Я бежала, скользила, спешила. Муж отводил дочь в садик, я забирала ее. Днем заполняла бесконечные таблицы;  у меня рябило в глазах от ровных колонок цифр, которых я рассаживала,  как голубков по клеткам, по графам и ячейкам. Ошибаться было нельзя.

Моя жизнь, расфасованная в маленькие упаковочные «пакетики»: сон, работа, дом, муж, дочь  -  давала гарантии спокойствия и полного понимания смысла того, что я делаю. И вдруг один из «пакетиков» прорвался – у меня появился навязчивый сон.

Прежде я мало обращала внимания на сны, только совсем тревожные вызывали у меня слезы. Но тут я обратила внимание, что во сне я оказываюсь в одном и том же месте. Это был лес, старые березы погибли по какой-то причине, обломанные у самых макушек их массивные стволы стояли как памятник неизвестной трагедии. Но внизу уже трепетал листвой молодой осинник. Сквозь заросли мелкого ивняка просматривалась небольшая поляна. На поляне был маленький пруд в обрамлении коричневых початков рогоза. Была ранняя осень. Холода еще не расправились с травой, грузная, она осела под собственной тяжестью, а по утрам выглядела седой от инея.

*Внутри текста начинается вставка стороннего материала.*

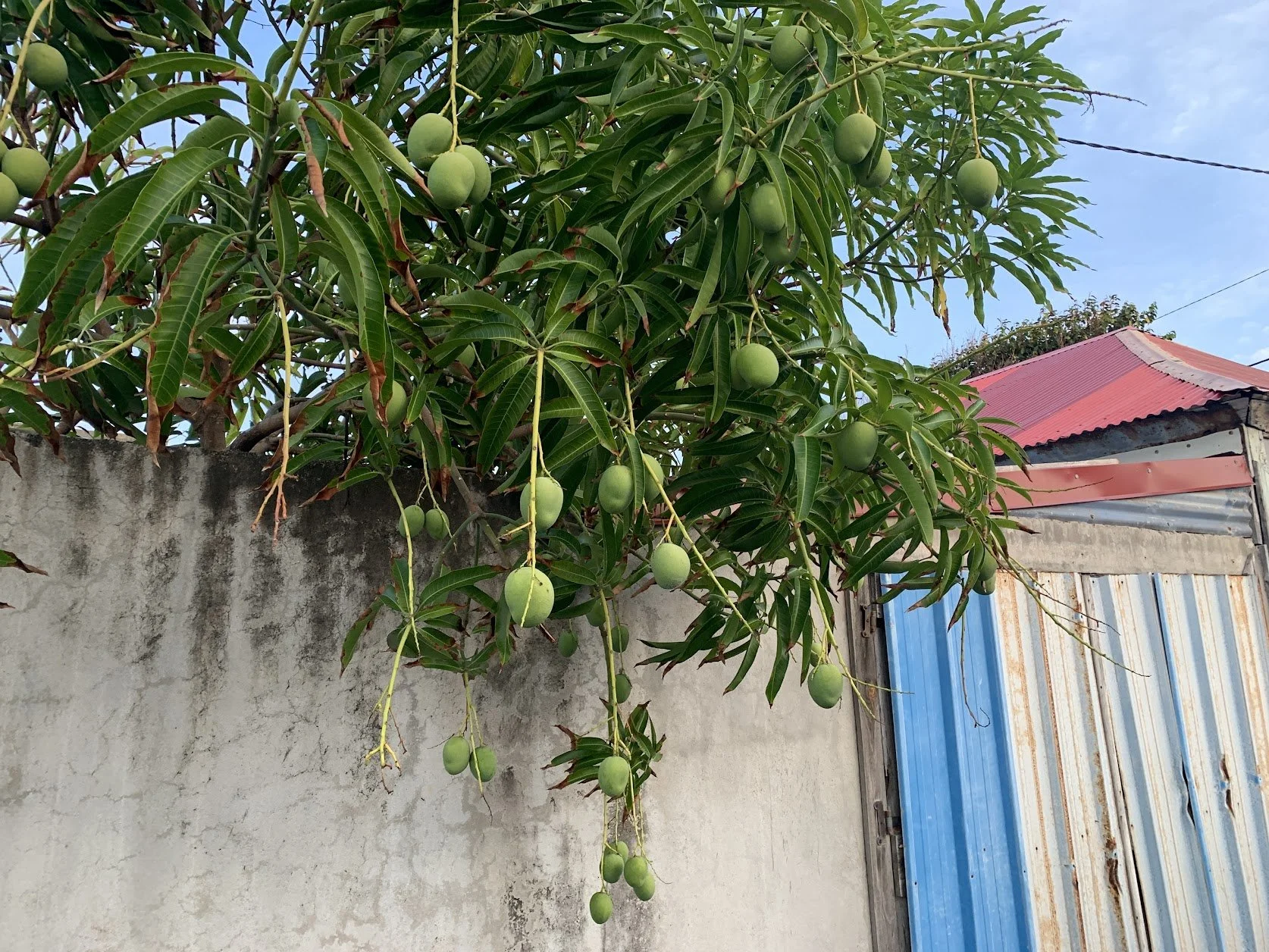 mango tree.jpg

Место моего появления было одним и тем же, но время дня было разным, чаще это были вечерние сумерки. Я только успевала оглядеться, как падала ночь и мне оставалось только слушать. Подолгу оставаясь неподвижной, чтобы не привлечь лишнего внимания, я исследовала звуки, приносимые ветром; легкий шорох падающей листвы, топанье ежа в ельнике, хлопки крыльев невидимой птицы. Однажды заяц крался сквозь ночь, по своим заячьим делам, он замер около меня, будто я была пнем или сухим деревом; долго шевелил ушами, слушал темный лес.

Я очень боялась и поэтому неподвижно простаивала целую ночь напролет. Запахи для меня стали целой книгой, я знала все историю того, что происходило до меня. Следы живых существ долго еще сохраняли живую связь с ними, пахли их жизнью.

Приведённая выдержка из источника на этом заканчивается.